In Nürnberg gründen fünf Polit-Pensionäre um SPD-Ikone Renate Schmidt eine Initiative gegen Extremismus, Europafeindlichkeit und Verschwörungsfantasien. In einem Punkt darf sich auch Markus Söder angesprochen fühlen.

Von Katja Auer, Nürnberg

Sie wollen nichts mehr werden, trotzdem oder eher gerade deswegen haben sich fünf Nürnberger Polit-Pensionäre zusammengetan, um die Demokratie zu retten. Das ist freilich etwas verkürzt, aber sie "wollen einen Beitrag leisten, damit sich das Engagement für die Demokratie verstetigt", so drückt es Renate Schmidt (SPD) aus, die Initiatorin und frühere Bundesfamilienministerin. Deswegen hat sie zusammen mit dem ehemaligen Staatsminister Günter Gloser (SPD), dem früheren Landtagsabgeordneten Hermann Imhof (CSU), der ehemaligen Grünen-Stadtratsfraktionsvorsitzenden Brigitte Wellhöfer und Wolf Maser von der FDP die Initiative "Zammrüggn" gegründet.

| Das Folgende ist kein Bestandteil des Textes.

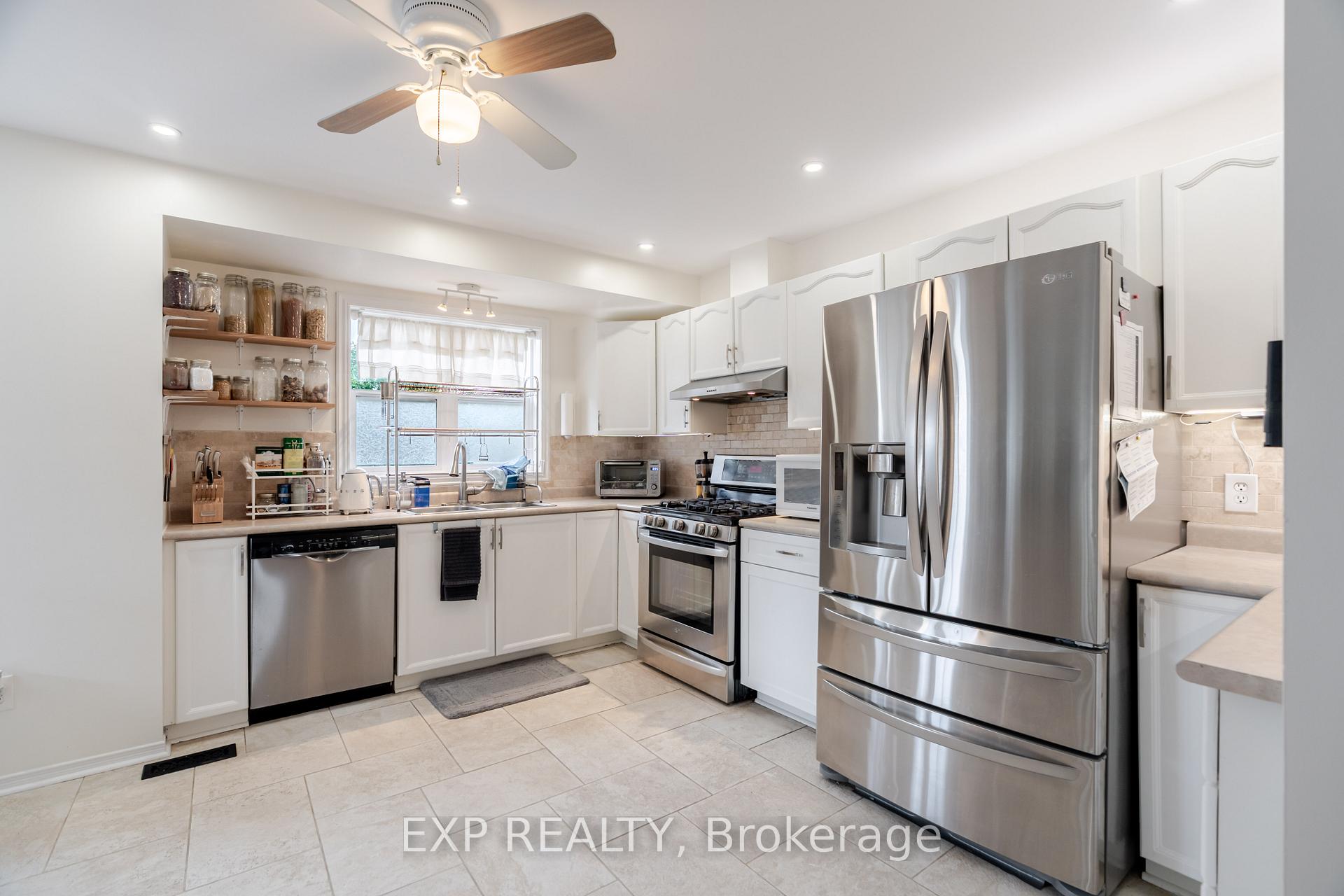 Photo 6 of 1562 Lisbon Street, Ottawa, Fallingbrook/Pineridge — HOMEH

Zammrüggn ist fränkisch für Zusammenrücken, den Begriff haben sie sich vom Kabarettisten Bernd Regenauer ausgeliehen. Der Anlass ist jedoch kein heiterer, denn man habe "fast schlafwandlerisch gewisse extremistische Positionen wachsen lassen", sagt Gloser. Und wenn dann auch noch Umfragen ergäben, dass ein großer Teil der Gesellschaft glaube, dass es in Deutschland keine Meinungsfreiheit gibt, "dann kann man auch als Pensionär nicht ruhig sitzen bleiben".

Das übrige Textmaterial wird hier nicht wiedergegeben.